On 10.09.25 18:15, Kyle Meyer wrote:
Soft offlining a HugeTLB page reduces the available HugeTLB page pool.
Since HugeTLB pages are preallocated, reducing the available HugeTLB
page pool can cause allocation failures.
/proc/sys/vm/enable_soft_offline provides a sysctl interface to
disable/enable soft offline:
0 - Soft offline is disabled.
1 - Soft offline is enabled.
The current sysctl interface does not distinguish between HugeTLB pages
and other page types.
Disable soft offline for HugeTLB pages by default (1) and extend the
sysctl interface to preserve existing behavior (2):
0 - Soft offline is disabled.
1 - Soft offline is enabled (excluding HugeTLB pages).

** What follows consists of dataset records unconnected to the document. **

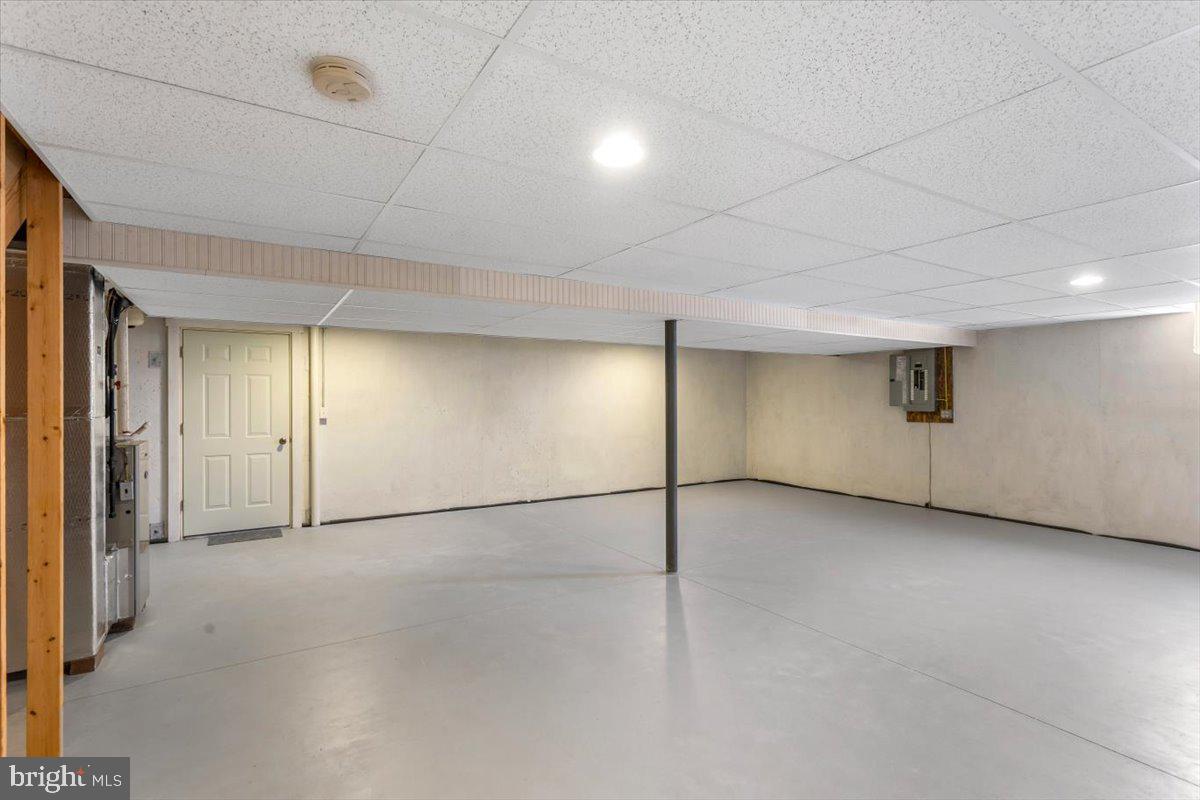 13 MEADOW DRIVE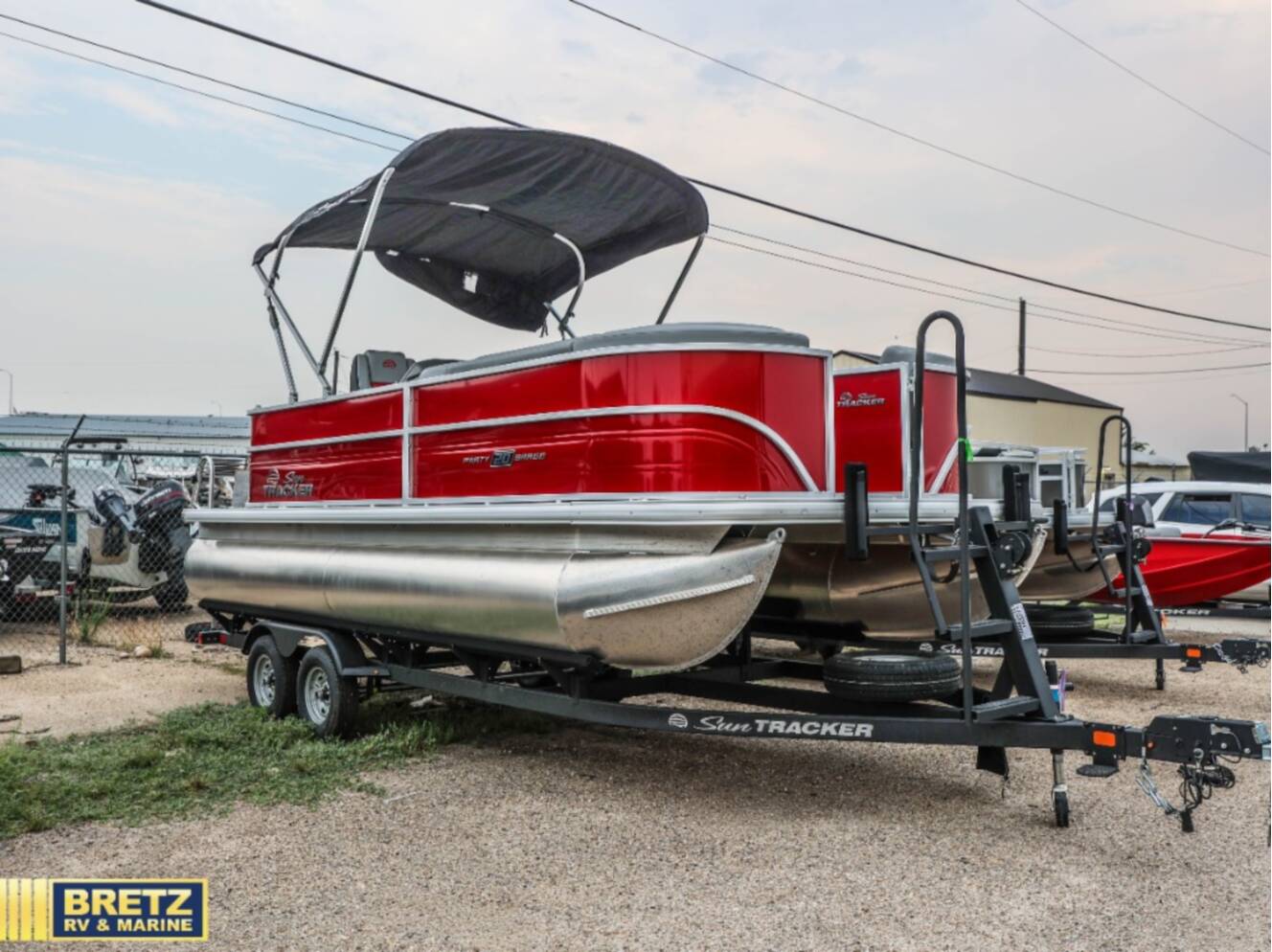 A photo of this 2026 Sun Tracker Party Barge 20 DLX
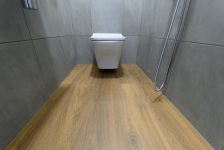 Туалет 140x95 ПИК, пол под дерево, стены под камень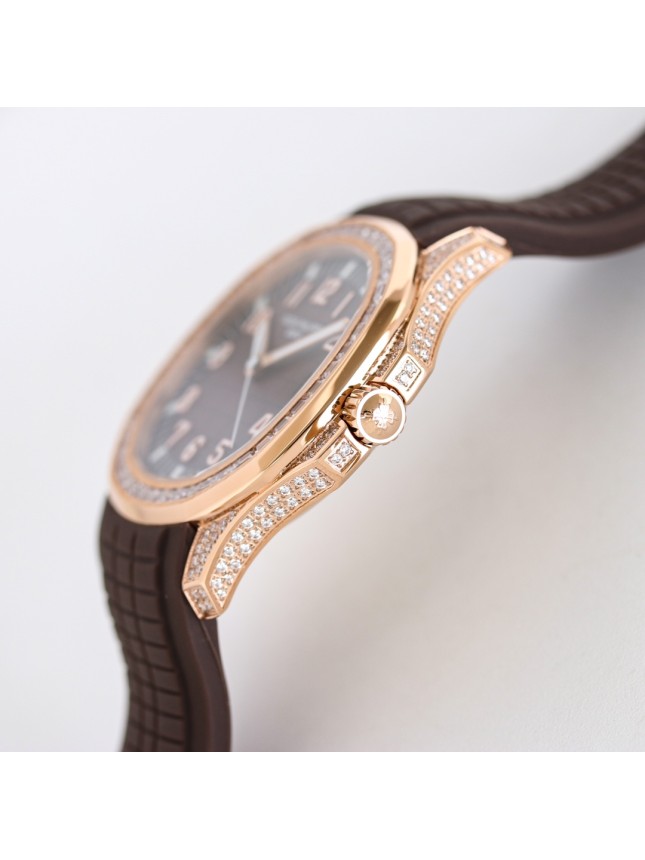 The fully paved T-diamond Patek Philippe Aquanaut series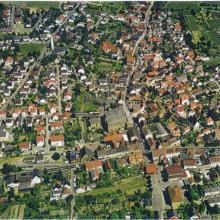 Hirschberg-Großsachsen mit dem großen Fabrik-Gebäude in zentraler Lage - Quelle: Foto-Archiv Hillen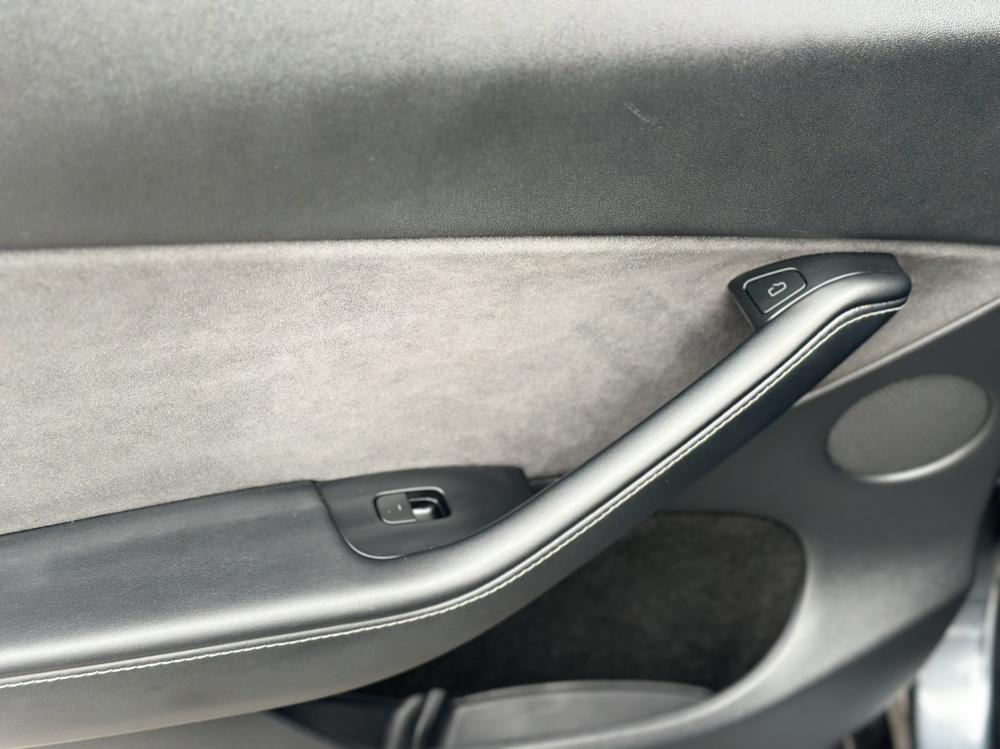 Tesla Model Y 2024 #17 Tesla Model Y 2024 car image #17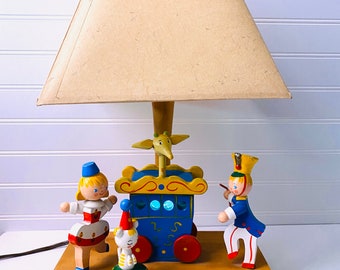 Vintage IRMI Originals Honey Bear Music Box Yellow Nursery Lamp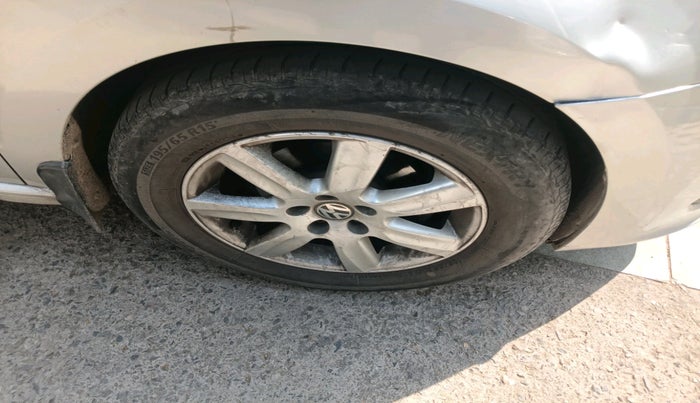 2011 Volkswagen Vento HIGHLINE 1.6 MPI, Petrol, Manual, 1,02,278 km, tyre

2 - Soft offline is enabled (including HugeTLB pages).
Update documentation for the sysctl interface, reference the sysctl
interface in the sysfs ABI documentation, and update HugeTLB soft
offline selftests.
I'm sure you spotted that the documentation for
"/sys/devices/system/memory/soft_offline_pag" resides under "testing".
If your read about MADV_SOFT_OFFLINE in the man page it clearly says:
"This feature is intended for testing of memory error-handling code; it
is available only if the kernel was configured with CONFIG_MEMORY_FAILURE."
So I'm sorry to say: I miss why we should add all this complexity to
make a feature used for testing soft-offlining work differently for
hugetlb folios -- with a testing interface.
--
Cheers
David / dhildenb